Racism has existed throughout human history. It may be defined as the hatred of one person by another or the belief that another person is less than human, because of skin color, language, customs, place of birth or any factor that supposedly reveals the basic nature of that person.
Racism is the belief that a particular race is superior or inferior to another, that a person’s social and moral traits are predetermined by his or her inborn biological characteristics. It has influenced wars, slavery, the formation of nations, and legal codes. Racial separatism is the belief, most of the time based on racism, that different races should remain segregated and apart from one another.
Racism is a global reality. Racism is a highly complex social phenomenon that can only be studied on an interdisciplinary basis. So we should start by understanding racism as a worldwide phenomenon that requires a worldwide response. All societies, and all of us in those societies, must address racism in the forms that it manifests itself in our lives and cultures.

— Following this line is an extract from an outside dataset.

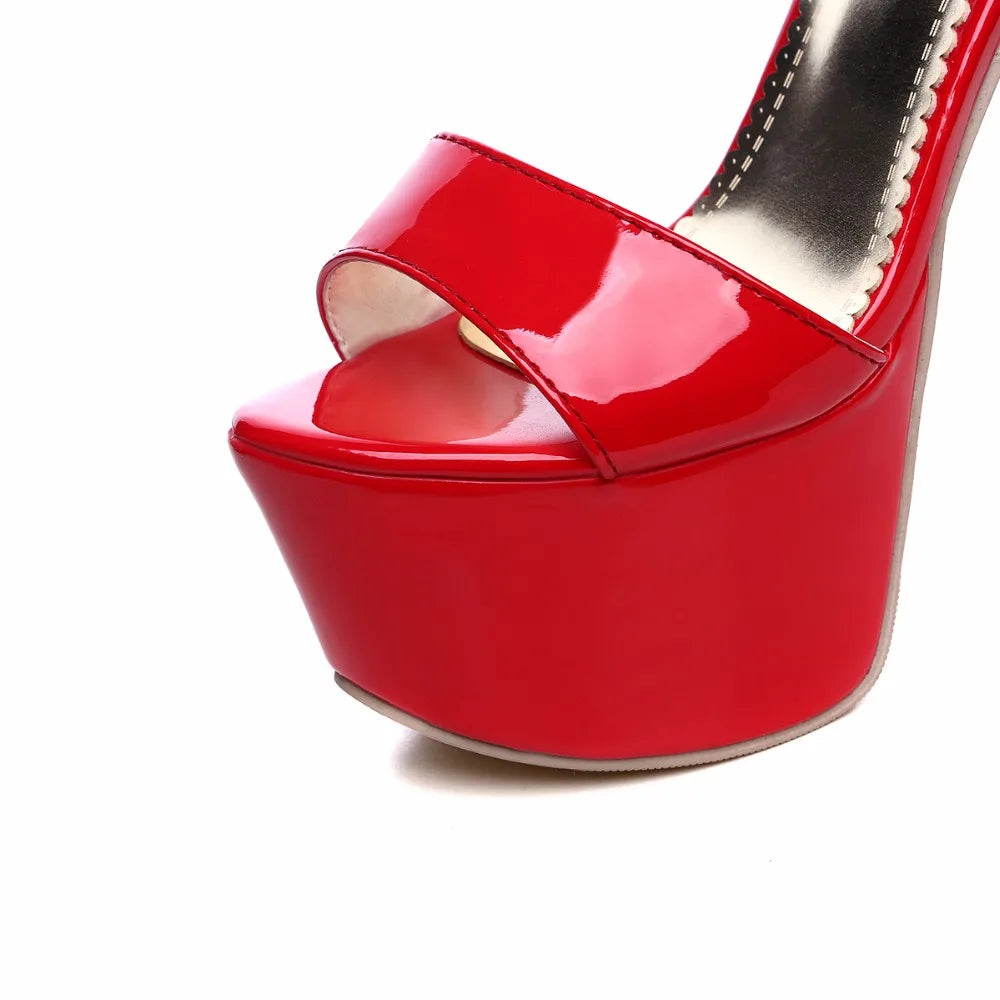 6.3 in (16 cm) Platform Sandals in Extended Sizes for Crossdressers - Style 3 - Image 3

We live in societies dominated by the media. As listeners, viewers or readers we are all affected by the media. And the media’s ability to influence us is growing all the time, the range of virtual media worlds extends and the power of the Internet takes hold. From the onset of the information age, the media have defined attitudes towards ethnic, national, religious or social groups other than those identified as the particular medium’s target groups. Indeed, the media have often sought to become the spokespersons of a particular group, and to define its attitude toward others.
Fighting racism and all forms of discriminations throughout the world is one of IHRC priorities. Within the European Union, the fight against racism and discrimination is one of the top priorities for the European Union’s Fundamental Rights Agency (FRA).